I want to train a random forest to make a categorical prediction. If I want to include a fixed set of independent variables in the prediction model (e.g. x1, x2, and x3 in Y~.+x1+x2+x3
), but exclude them from the set of independent variables (represented by . in the example) that can be used to partition the data/create branches/trees in the forest, is there a simple way to do this using caret
, grf
, or another package in R?
Here's an example: If I wanted to predict which flowers had sepal width over 3.2 in the iris dataset, but I wanted to condition on flower species when deciding whether to create a new branch while excluding flower species as a possible variable to split on. Imagine that I know that flower species is a good predictor of sepal width, but I want to know what other factors predict sepal width, conditional on species:
data(iris)
d <- iris
d$sepal_width_over3point2<-as.factor(d$Sepal.Width>3.2)
d$Type1<-as.numeric(d$Species=='versicolor')
d$Type2<-as.numeric(d$Species=='virginica')
d$Type3<-as.numeric(d$Species=='setosa')
d<-subset(d,select=-c(Species,Sepal.Width))
## Set parameters to train models
# Run algorithms using 10-fold cross validation
control <- trainControl(method="cv", number=10)
metric <- "Accuracy"
# Random Forest
set.seed(11)
rf <- train(sepal_width_over3point2~.+Type1+Type2+Type3, data=d, method="rf", metric=metric, trControl=control)
print(rf)
example_varImp_rf<-varImp(rf)
When I look at the variable importance in this model, I'd like to know that the estimates for the other parameters (Sepal.length, Petal.length, and Petal.width) are conditional on flower Type1, Type2, and Type3, but exclude these variables as possible variables to branch on. Is there a way to tell the random forest to ignore these three variables as possible splits?
That would require your node splits to have one threshold for each flower species, which would be more computationally expensive than most tree learners. I don't know of any package that implements this.

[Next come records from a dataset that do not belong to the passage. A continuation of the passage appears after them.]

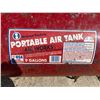 Image 2 : PORTABLE AIR TANKS, LOT OF 2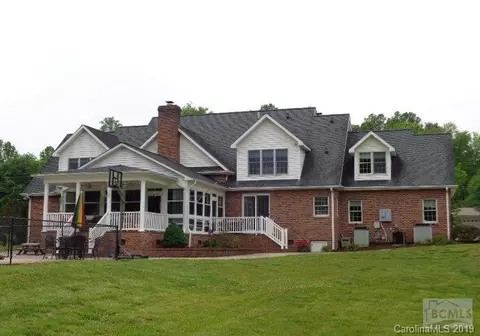 508 Bost Rd, Morganton, NC 28655 photo 21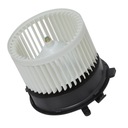 Ventilátor prívodu vzduchu QASHQAI J10E JJ10E 27225-JD00A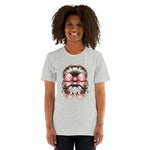 Unisex t-shirt - Cool Tshirts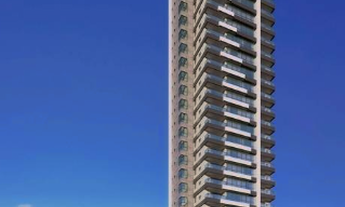 Imagem: Apartamento à venda em Itapema, Meia Praia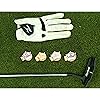 Product Photo 7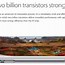 Image result for iPhone Swollen Battery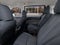 2026 Kia Carnival LX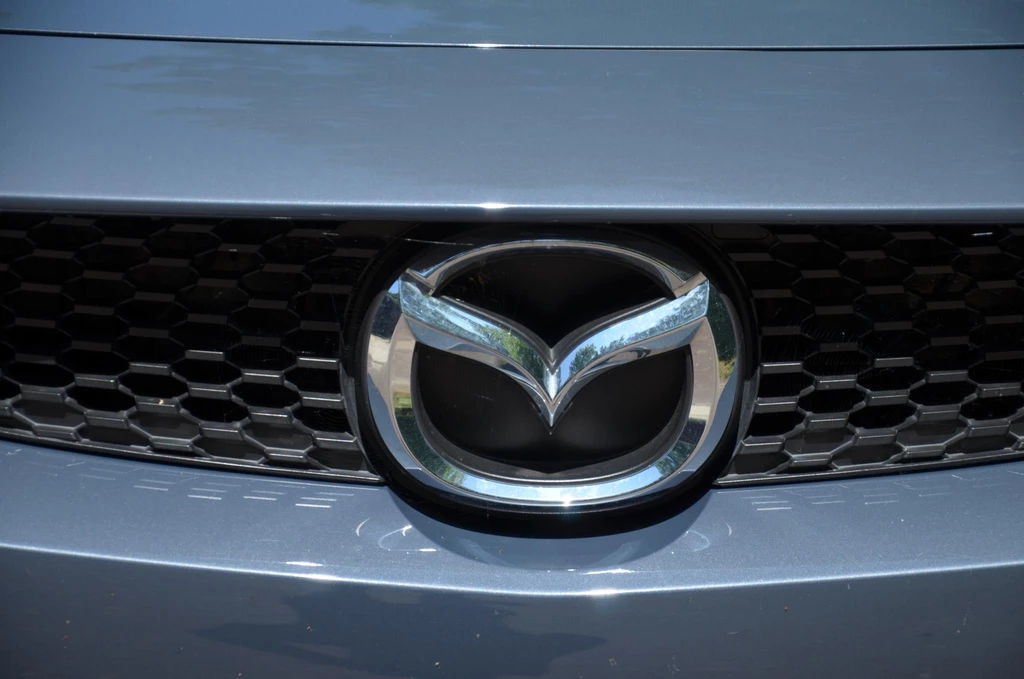 Mazda MX-30 – foto 66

One possible workaround is to do some feature engineering. In this case, where your condition on is a smallish categorical, you could standardize each feature relative to their flower species, so that a split would be something like "sepal length is at least 20% higher than species average" or "sepal length is at least one (species) standard deviation higher than species average."